Precisazioni sulla natura dei beni

Si precisa, per completezza espositiva, che in presenza di beni di pregio, dati in concessione per l’esercizio di attività commerciali mediante procedure ad evidenza pubblica [9], la qualificazione dell’atto in termini di concessione amministrativa comporta l’applicabilità delle norme e dei principi privatistici in materia di contratto di locazione per uso commerciale, di cui alla legge n. 392/1978, nei limiti della compatibilità, alla luce dei principi ritraibili dal diritto europeo dell’evidenza pubblica e della concorrenza [10], rilevando che sussiste una ontologica differenza tra la concessione amministrativa e locazione commerciale [11].

Occorre precisare, allora, che la concessione è uno strumento autoritativo (generalmente non rientrante nel modello consensuale) particolarmente adatto per soddisfare ad una molteplicità di esigenze atte a soddisfare di determinati interessi pubblici: nell’atto concessorio, o concessione – contratto, sarà previsto un canone concessorio rapportato a parametri predefiniti dell’Amministrazione (generalmente con fonte regolamentare) in funzione dell’utilizzo del bene concessionato, appartenente al demanio o al patrimonio indisponibile; mentre la locazione è un contratto (forma ad substantiam) [12] consensuale con effetti obbligatori a prestazioni corrispettive, col quale la parte pubblica (locatore) si obbliga a far godere all’altra privata (locatario o conduttore) la cosa mobile o immobile (appartenente al patrimonio disponibile) per un dato tempo, verso un determinato corrispettivo (ex art. 1571 c.c.): la presenza del corrispettivo distingue la locazione dal comodato (ex art. 1833 c.c.), che è essenzialmente gratuito, mentre si differenzia dall’affitto in quanto non ha ad oggetto una cosa produttiva (ex art. 1615 c.c.).

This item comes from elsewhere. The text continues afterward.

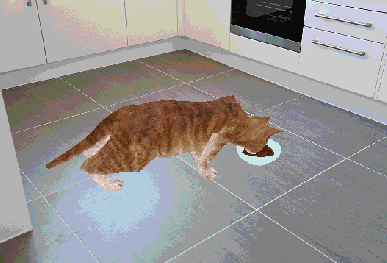 A gif of a low poly orange cat eating out of a bowl. A cucumber is rolled in front of the cat. When they notice it, they jump and their model's verticies scatter in a panicked fashion.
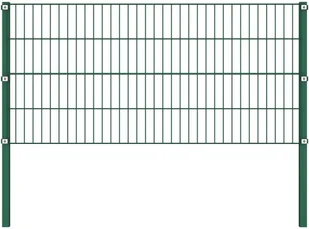 vidaxl Panel ogrodzeniowy ze słupkami, żelazny, 13,6 x 0,8 m, zielony 278611 - Ogrodzenia - miniaturka - grafika 2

È altrettanto vero, però, che la sola appartenenza del bene al patrimonio indisponibile non qualifica di per sé la concessione in termini di “concessione di beni”, essendo un simile automatismo certamente da escludere tutte le volte in cui la natura pubblicistica del bene trovi fondamento nella sua strumentalità allo svolgimento di un servizio pubblico, secondo il criterio teleologico, di cui all’art. 826, comma 2, c.c., giacché tale schema implica, per sua natura, una “coesistenza” tra natura pubblica del bene e funzione pubblica del servizio cui è destinato.

In questi casi, dunque, compete all’interprete individuare, tra i due profili, quello in concreto prevalente e, come tale, capace di qualificare giuridicamente il rapporto; occorre, in altre parole, operare un giudizio di “prevalenza sostanziale”, per certi versi analogo a quello previsto in materia di appalti pubblici (già presente nell’art. 169, comma 8, del d.lgs. 18 aprile 2016, n. 50) [13].

Rinnovo

Viene chiarito che il rinnovo è un atto non automatico, non ha carattere meramente discrezionale, anche se previsto nella concessione.

È noto che i beni pubblici vanno valorizzati al meglio, anche in presenza di una precedente assegnazione ad un soggetto privato di specchiatissima capacità ed elevato riconoscimento sociale (c.d. finalità pregevoli), profilo che non può costituire una sorta di guarentigia, un’esclusività di benemerenza.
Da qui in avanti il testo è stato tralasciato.